START The data
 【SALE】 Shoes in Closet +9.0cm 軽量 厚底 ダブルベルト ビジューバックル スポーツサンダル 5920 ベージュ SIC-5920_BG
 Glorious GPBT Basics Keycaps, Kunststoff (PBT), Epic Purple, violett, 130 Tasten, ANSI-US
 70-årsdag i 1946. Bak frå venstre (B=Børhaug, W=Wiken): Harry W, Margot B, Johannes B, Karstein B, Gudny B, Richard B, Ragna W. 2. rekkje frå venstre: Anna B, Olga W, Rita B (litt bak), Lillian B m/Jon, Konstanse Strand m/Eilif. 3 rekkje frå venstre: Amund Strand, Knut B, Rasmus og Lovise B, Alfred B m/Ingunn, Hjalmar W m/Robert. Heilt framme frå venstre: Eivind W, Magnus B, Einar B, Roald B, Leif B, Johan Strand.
END The data
** Problem statement **
Each line above should appear again, reproduced exactly.

** Worked solution **
 【SALE】 Shoes in Closet +9.0cm 軽量 厚底 ダブルベルト ビジューバックル スポーツサンダル 5920 ベージュ SIC-5920_BG
 Glorious GPBT Basics Keycaps, Kunststoff (PBT), Epic Purple, violett, 130 Tasten, ANSI-US
 70-årsdag i 1946. Bak frå venstre (B=Børhaug, W=Wiken): Harry W, Margot B, Johannes B, Karstein B, Gudny B, Richard B, Ragna W. 2. rekkje frå venstre: Anna B, Olga W, Rita B (litt bak), Lillian B m/Jon, Konstanse Strand m/Eilif. 3 rekkje frå venstre: Amund Strand, Knut B, Rasmus og Lovise B, Alfred B m/Ingunn, Hjalmar W m/Robert. Heilt framme frå venstre: Eivind W, Magnus B, Einar B, Roald B, Leif B, Johan Strand.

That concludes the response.